Grüner François de Rugy Hummer für Macrons Umweltminister

Der französische Umweltminister François de Rugy hat es sich jahrelang auf Staatskosten gut gehen lassen. Das wird nicht nur für ihn zum Problem, sondern auch für Emmanuel Macron. Er steht wegen seiner Personalpolitik in der Kritik.
François de Rugy: "Ich werde es nicht tun"

François de Rugy: "Ich werde es nicht tun"

Foto: Ludovic Marin/ AFP

Frankreichs Umweltminister François de Rugy konnte seine Tränen am Mikrofon von Radio Monte Carlo am Freitagmorgen kaum unterdrücken. Schluchzend stotterte er: "Ich werde es nicht tun." Und schloss damit seinen Rücktritt aus.

Spätestens jetzt dürfte Präsident Emmanuel Macron ein echtes Problem haben.

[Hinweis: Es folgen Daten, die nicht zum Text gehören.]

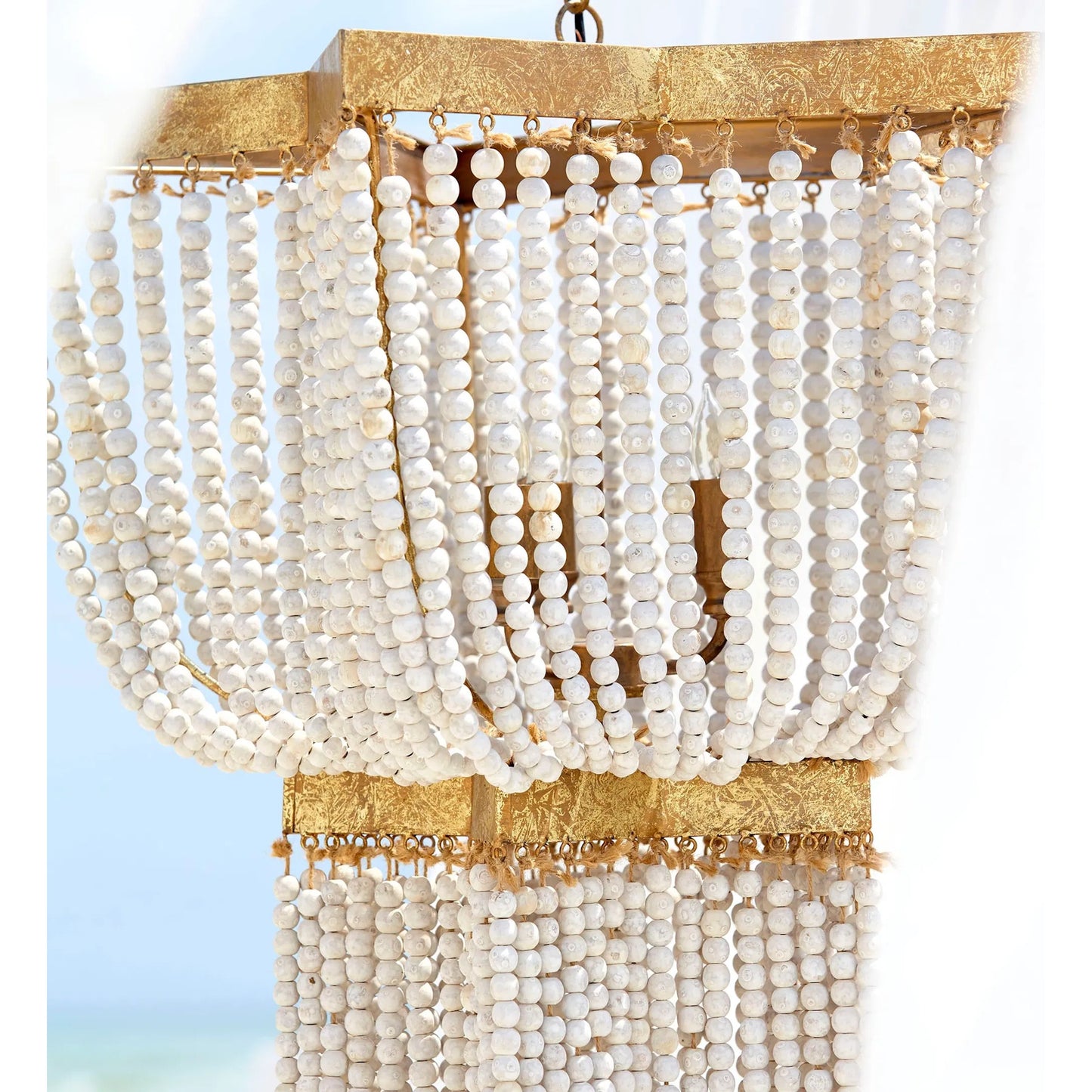 003 S-255512 | Closeup | Estrella Pendant by Cyan Design in tinted gold leaf. Made from iron, wood in a cottage & farmhouse style.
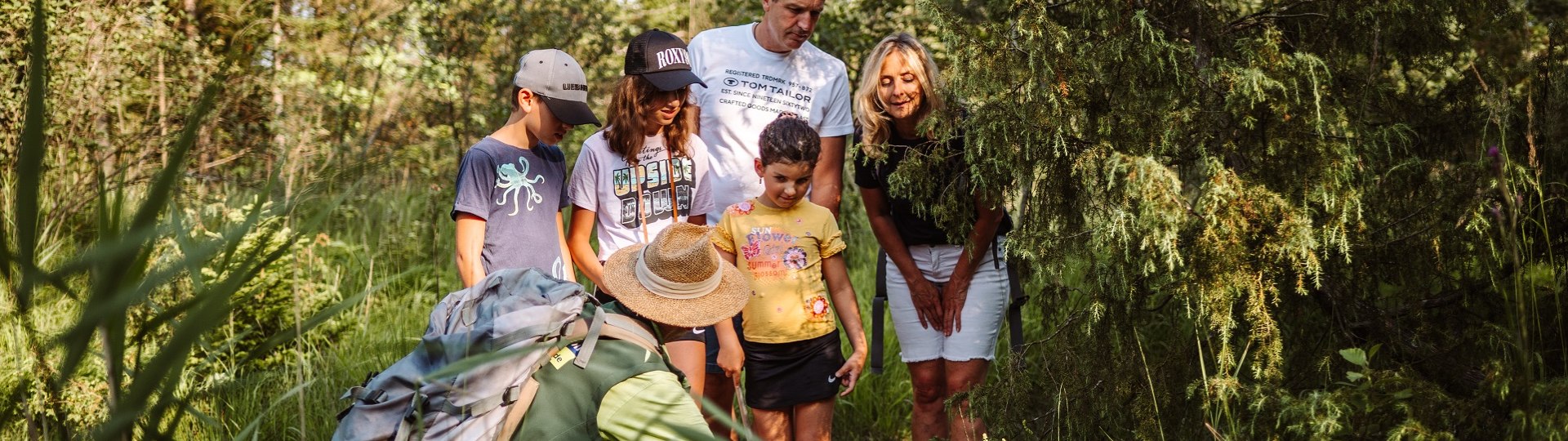 Eine 5-köpfige Familie schaut in einem Waldgebiet interessiert auf einen Naturschutzranger in grüner Kleidung mit Strohhut, der auf etwas im Gras zeigt., © Tölzer Land Tourismus|Leonie Lorenz Eine 5-köpfige Familie schaut in einem Waldgebiet interessiert auf einen Naturschutzranger in grüner Kleidung mit Strohhut, der auf etwas im Gras zeigt., © Tölzer Land Tourismus|Leonie Lorenz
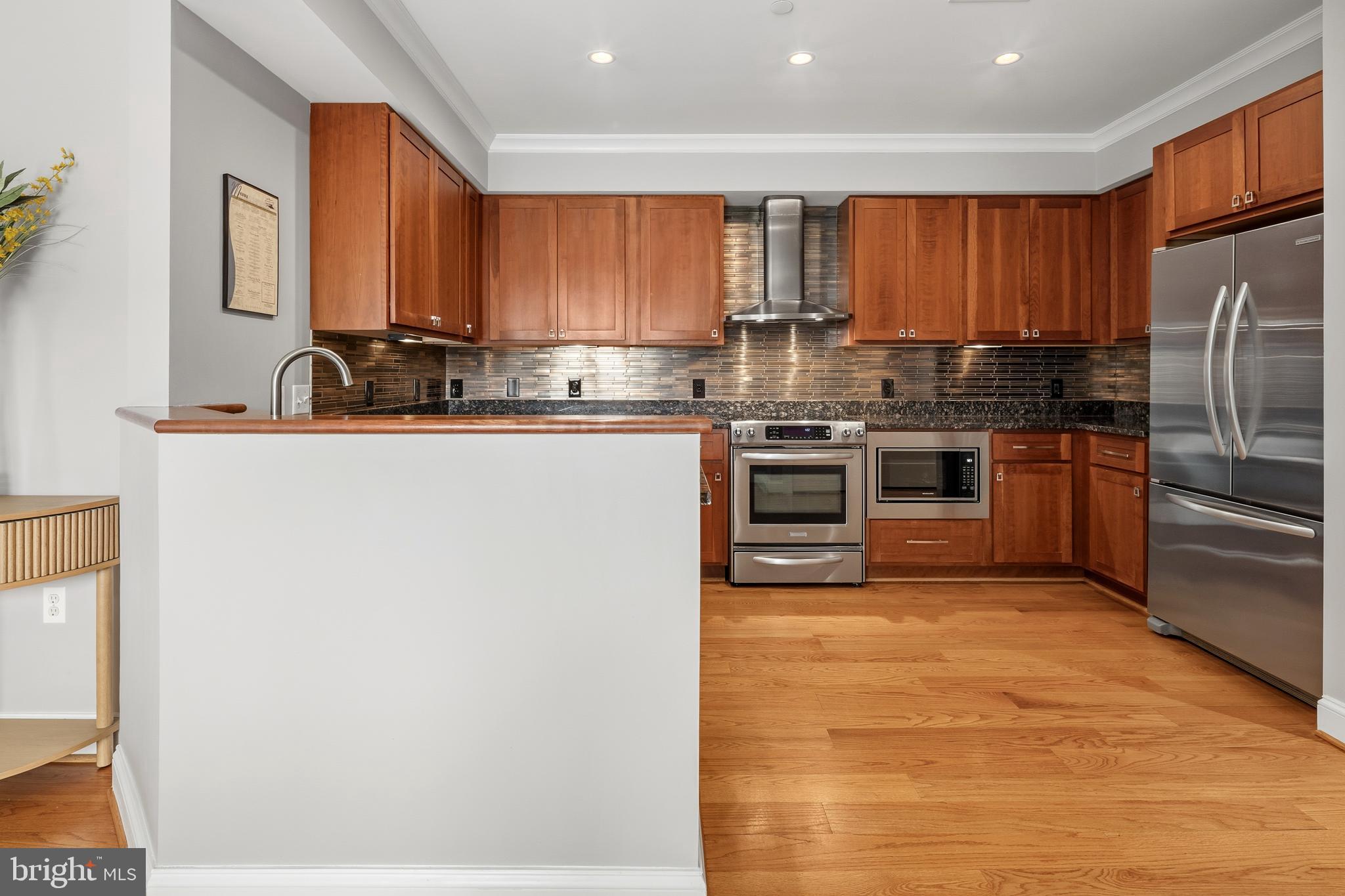 3131 9th Road North, Unit 44 Arlington, VA 22201 - Photo 11 of 33 a kitchen with stainless steel appliances granite countertop a stove top oven a sink and dishwasher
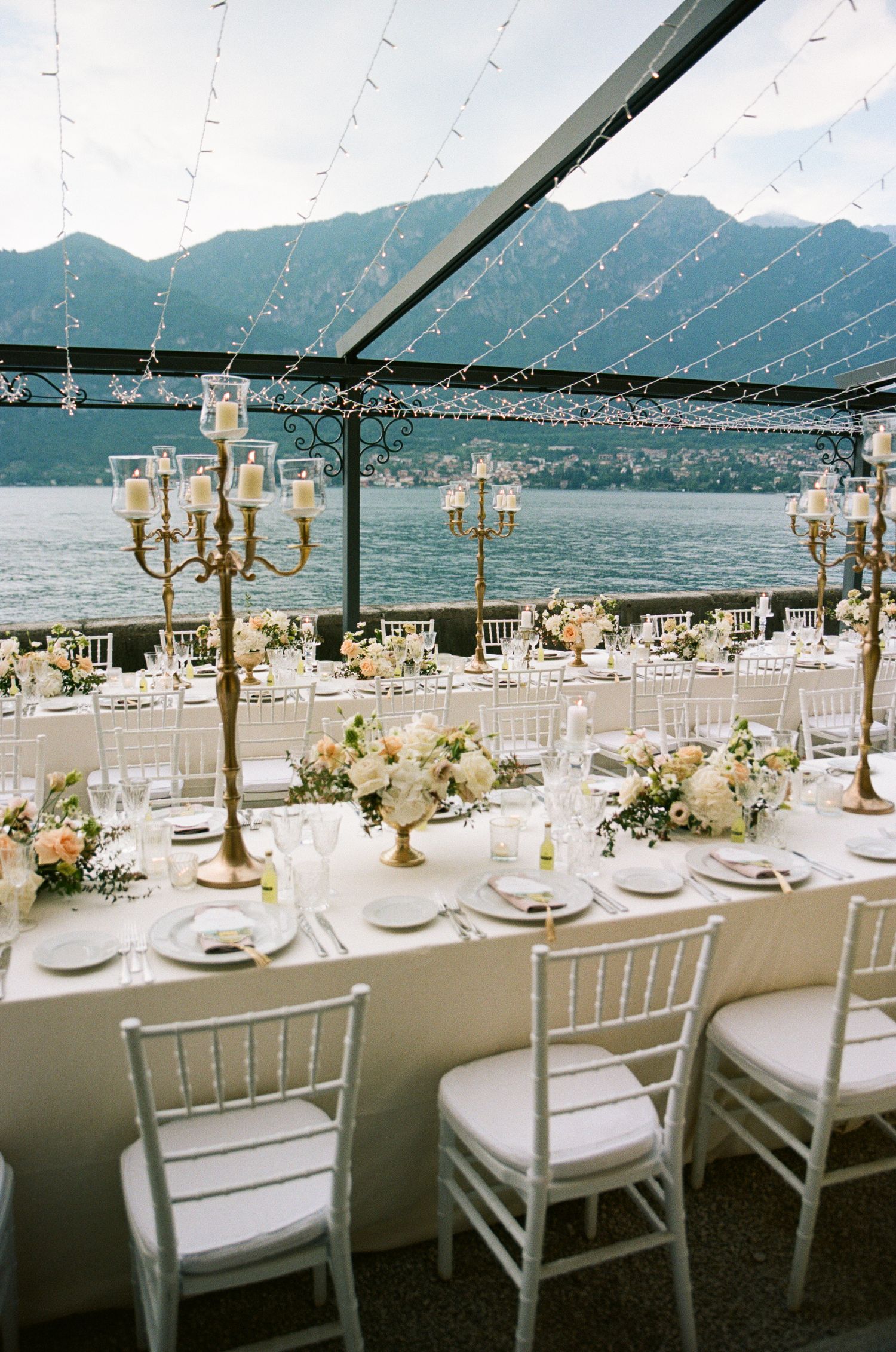 Elegant lakeside wedding reception with gold candelabras, white florals, and string lights over water.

Ausgerechnet der Umweltminister, der den Franzosen den Klimaschutz beibringen soll, ausgerechnet die protokollarische Nummer zwei der Pariser Regierung, die neben Präsident und Premierminister Vorbild sein soll, ausgerechnet der einzige echte Grüne in der Regierung ist dem Luxus auf Steuerkosten verfallen. Und will trotzdem im Amt bleiben. Für den Präsidenten ist de Rugy damit der nächste Ausfall in einer Kette von Personalentscheidungen, die ein schlechtes Licht auf Macrons Menschenkenntnis und sein Moralempfinden werfen.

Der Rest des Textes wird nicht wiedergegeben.